(Stored data)
——
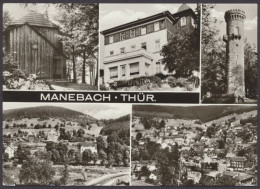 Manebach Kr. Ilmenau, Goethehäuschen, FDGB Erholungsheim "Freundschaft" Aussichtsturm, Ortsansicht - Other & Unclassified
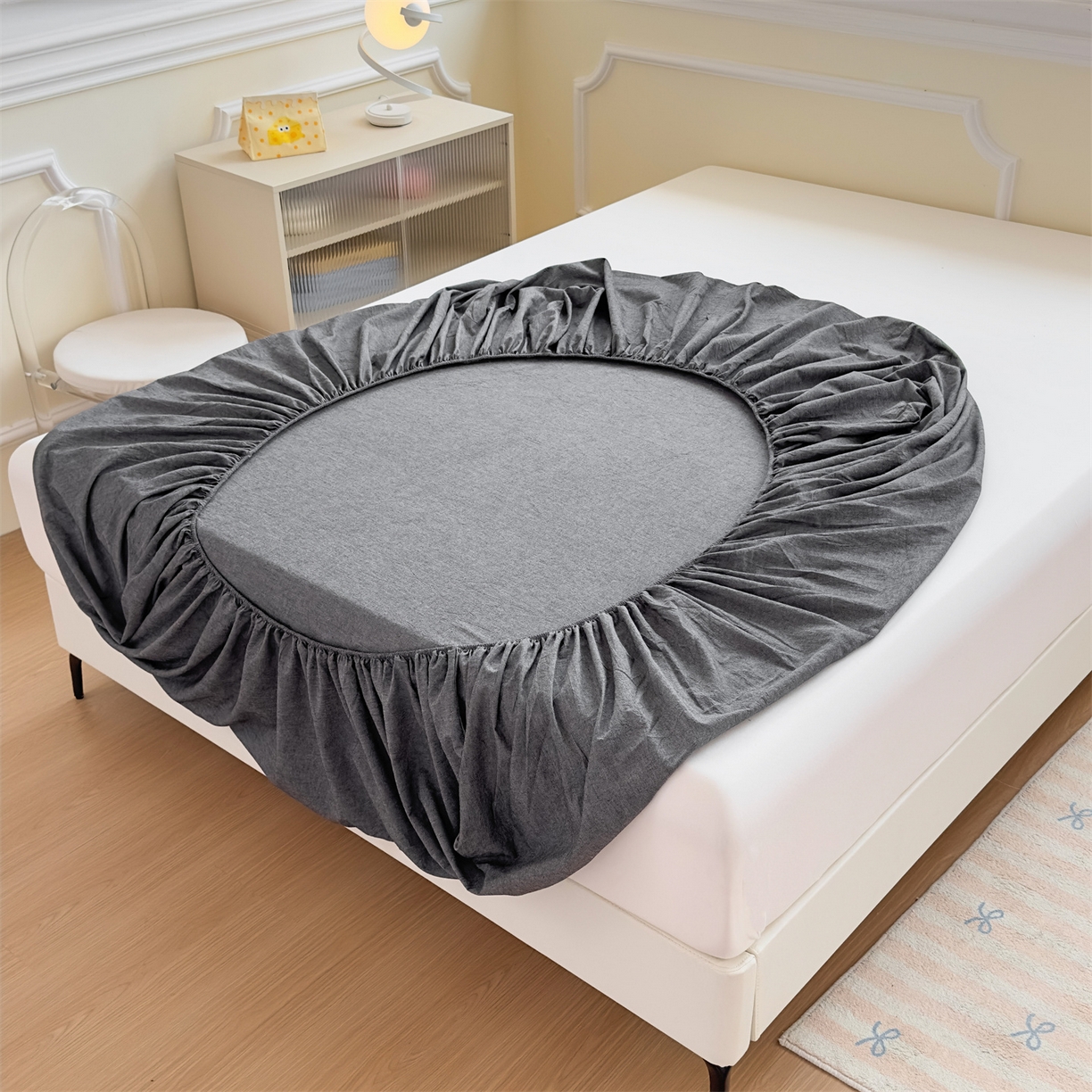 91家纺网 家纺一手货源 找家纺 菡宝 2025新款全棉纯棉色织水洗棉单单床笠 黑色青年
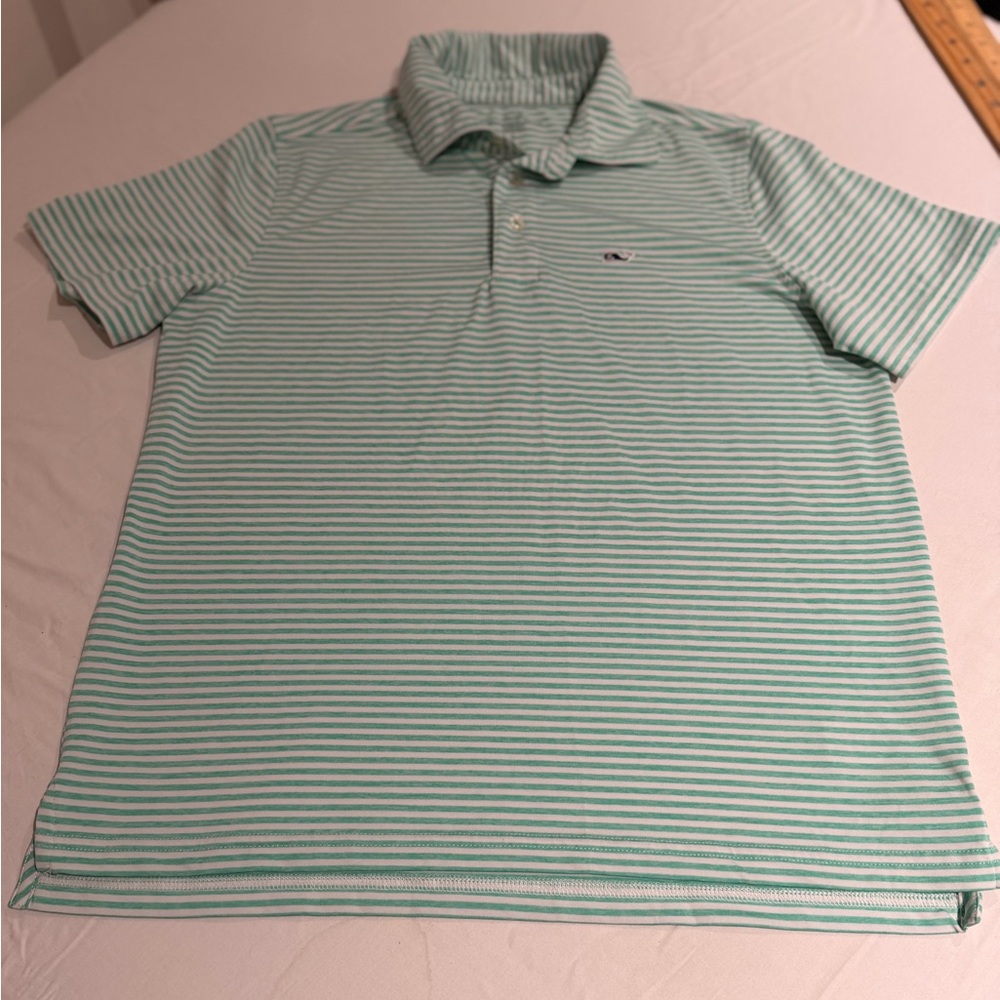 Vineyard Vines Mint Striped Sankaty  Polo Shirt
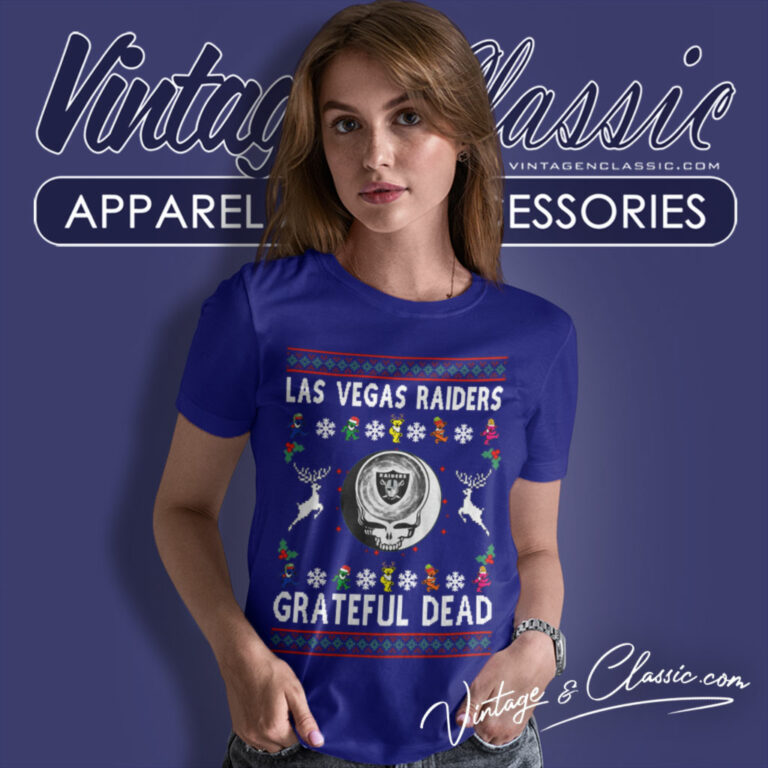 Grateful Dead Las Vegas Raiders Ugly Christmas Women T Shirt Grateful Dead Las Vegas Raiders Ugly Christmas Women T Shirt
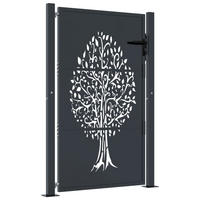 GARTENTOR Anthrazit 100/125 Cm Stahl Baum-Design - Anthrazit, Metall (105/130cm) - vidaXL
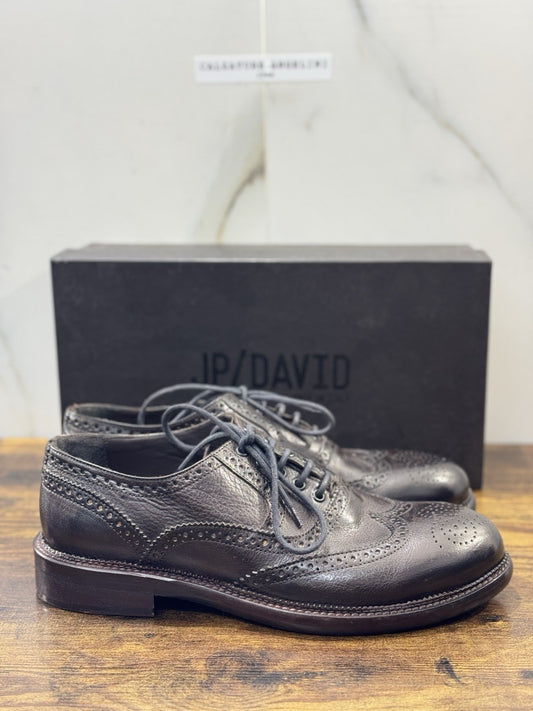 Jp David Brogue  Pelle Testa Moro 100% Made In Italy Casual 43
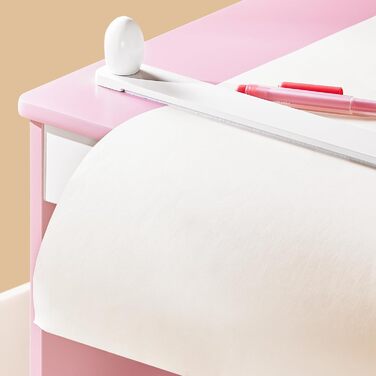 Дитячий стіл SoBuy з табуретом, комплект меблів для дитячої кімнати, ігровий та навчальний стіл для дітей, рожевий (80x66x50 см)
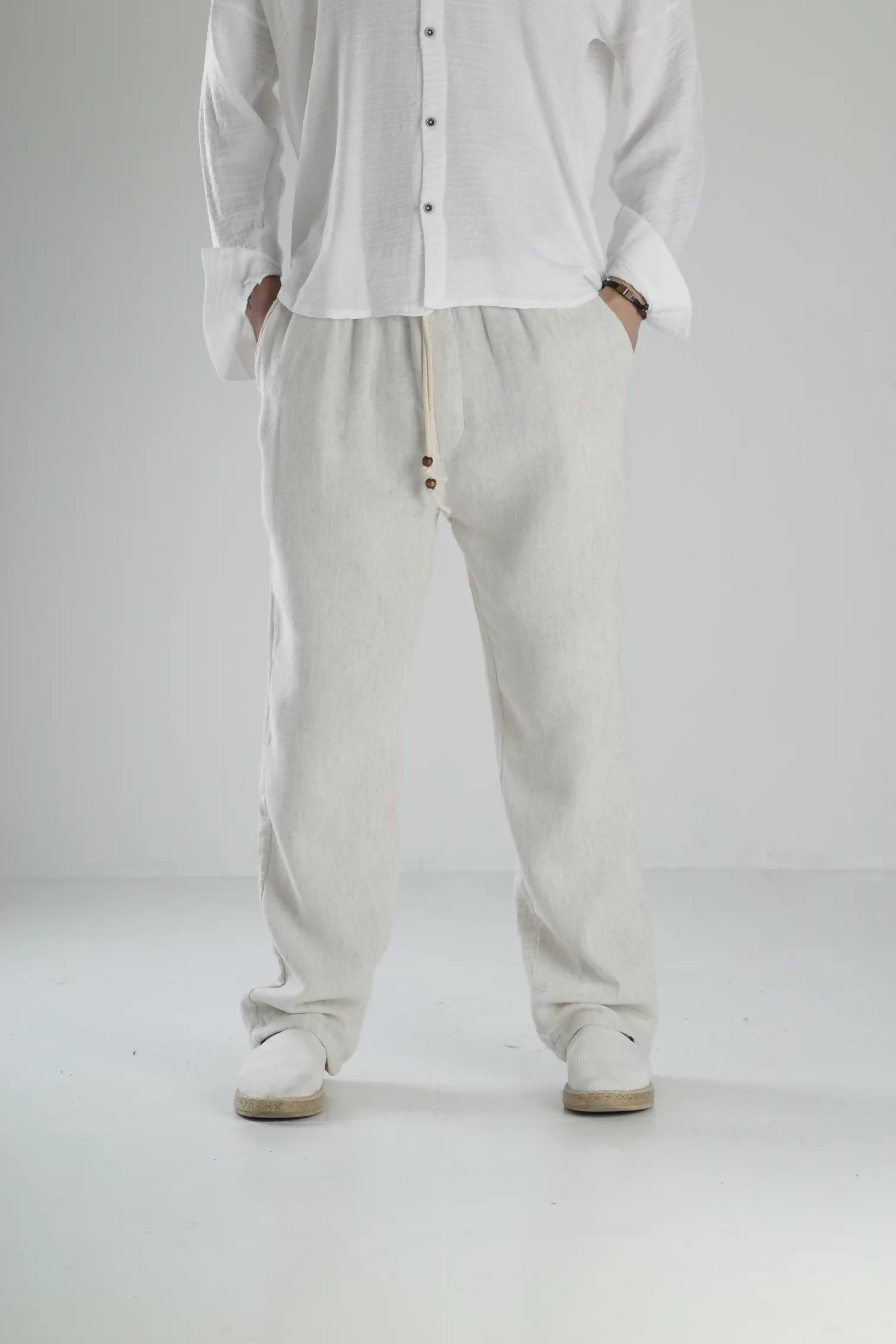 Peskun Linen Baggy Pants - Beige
——
■ **Task directions**: Repeat the data word for word; drop the pictures.

■ **Response to the exercise**:
 Manebach Kr. Ilmenau, Goethehäuschen, FDGB Erholungsheim "Freundschaft" Aussichtsturm, Ortsansicht - Other & Unclassified
 91家纺网 家纺一手货源 找家纺 菡宝 2025新款全棉纯棉色织水洗棉单单床笠 黑色青年
 Vineyard Vines Mint Striped Sankaty  Polo Shirt
 Grateful Dead Las Vegas Raiders Ugly Christmas Women T Shirt Grateful Dead Las Vegas Raiders Ugly Christmas Women T Shirt
 GARTENTOR Anthrazit 100/125 Cm Stahl Baum-Design - Anthrazit, Metall (105/130cm) - vidaXL
 Jp David Brogue  Pelle Testa Moro 100% Made In Italy Casual 43
 Дитячий стіл SoBuy з табуретом, комплект меблів для дитячої кімнати, ігровий та навчальний стіл для дітей, рожевий (80x66x50 см)
 Peskun Linen Baggy Pants - Beige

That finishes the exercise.